Having destroyed Starkiller Base, but lost Han Solo in the process, our heroes have no time to regroup, as the First Order launches an immediate counterattack. General Leia (Carrie Fisher), Poe Dameron (Oscar Isaac), and their Resistance forces barely have time to flee before General Hux (Domhnall Gleeson) destroys their base. But their escape could be short-lived; the Resistance fleet is low on fuel and the First Order has new technology that can track them through hyperspace. So with the help of a mechanic named Rose (Kelly Marie Tran), Finn (John Boyega) hatches a plan to find a hacker who can help them defeat this capability. Meanwhile, on the mysterious planet of Ahch-To, Rey (Daisy Ridley) discovers that Luke Skywalker (Mark Hamill), Kylo Ren (Adam Driver), and even the Force itself are not what she expected them to be.

Following J.J. Abrams’ The Force Awakens would have been a daunting challenge for even a veteran filmmaker, which made Lucasfilm’s choice of indie director Rian Johnson (Brick, Looper, The Brothers Bloom) a surprising one.

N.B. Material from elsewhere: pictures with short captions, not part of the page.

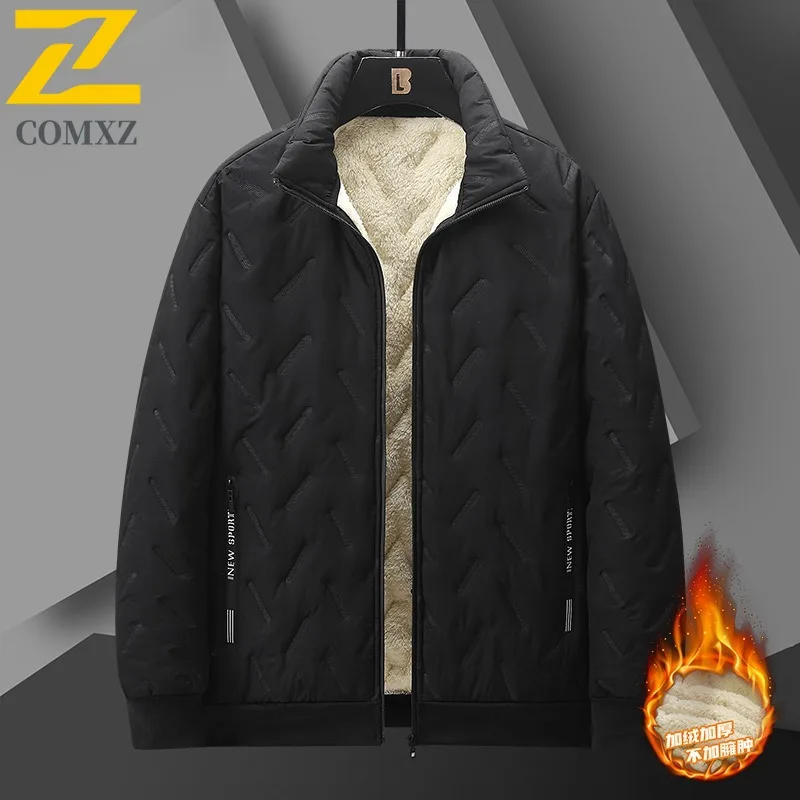เสื้อโค้ทผ้าฝ้ายลำลอง COMXZ แบบอัลตราโซนิกสำหรับผู้ชาย คอตั้ง บุขนแกะ เสื้อโค้ทผ้าฝ้ายสำหรับวัยกลางคน เสื้อแจ็คเก็ตกันน้ำ กันลม สำหรับเล่นกีฬากลางแจ้ง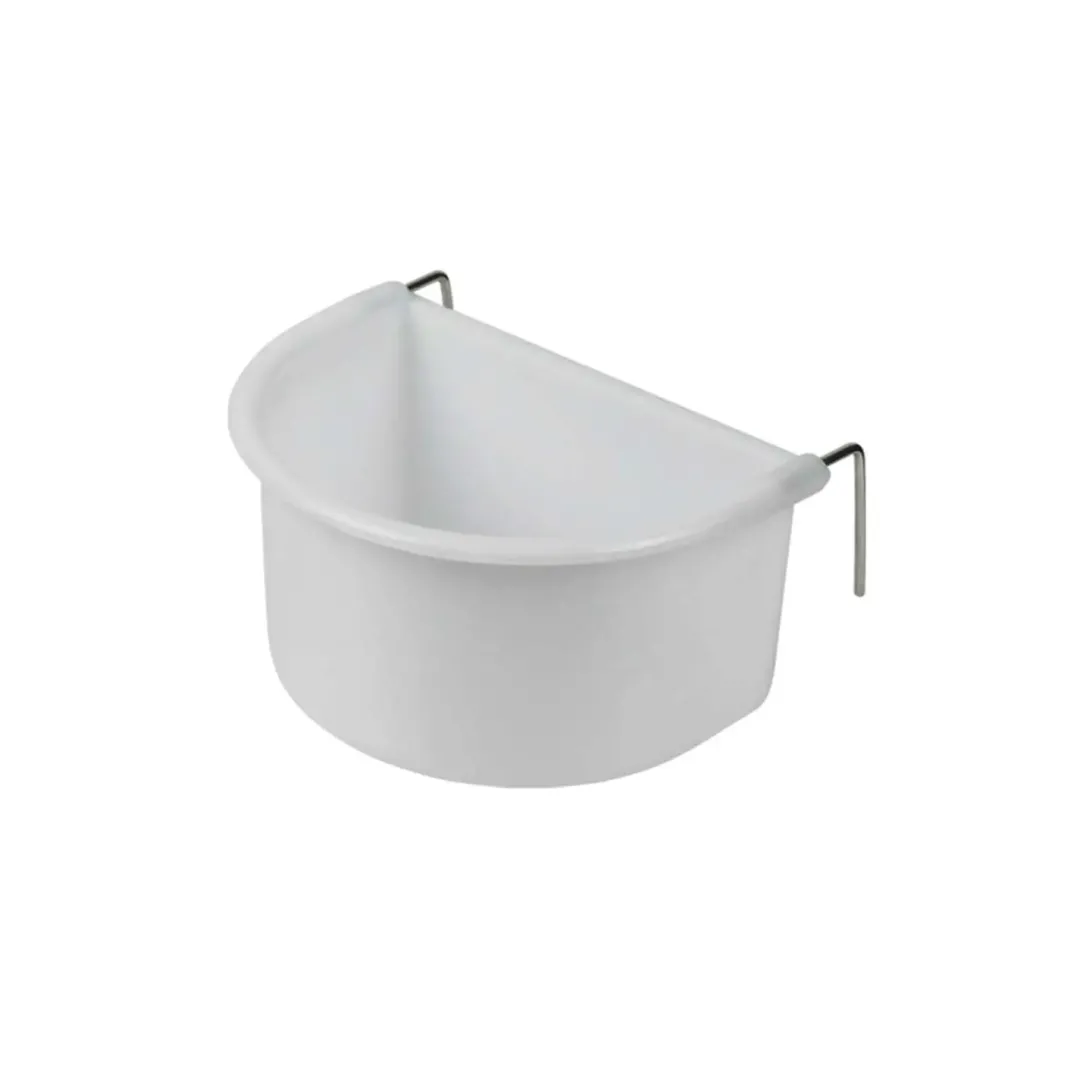 Clearance Hvid Foderkop med metalkrog 75 ml Fugletilbehør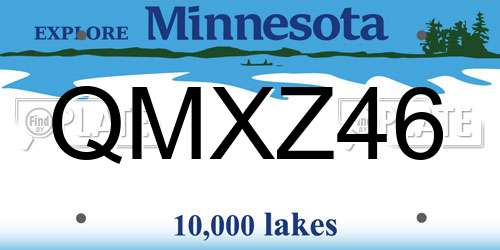 QMXZ46 Minnesota License Plate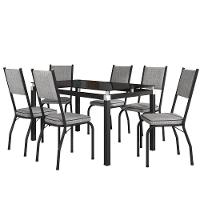 Conjunto Mesa De Jantar Com 6 Cadeiras 258 Malva Tampo Vidro 140cm Sf Preto Assento Grafiato - Combo Stock - 2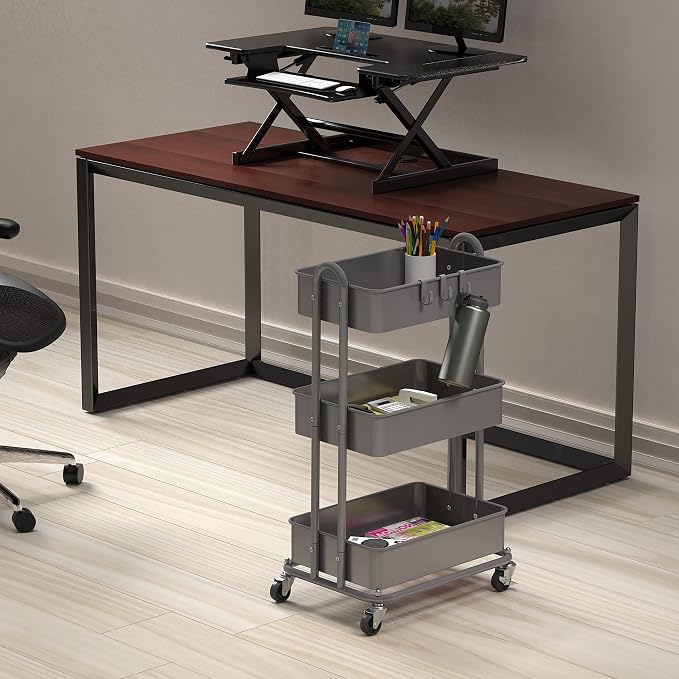 Simple Houseware 3-Tier Heavy Duty Metal Utility Rolling Cart, Silver - Image 2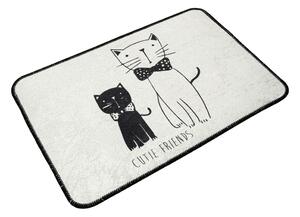 Tappetino da bagno bianco/nero 60x40 cm Little Cats - Foutastic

But not only did Johnson deliver the highest-grossing film of 2017 (and the second-highest grossing entry of this franchise), he delivered something completely unexpected—the most surprising and interesting Star Wars film since The Empire Strikes Back. While many fans obsess over the trappings this universe, Johnson has gone much deeper, grounding his every choice in cues from the original trilogy and George Lucas’ inspirations for it.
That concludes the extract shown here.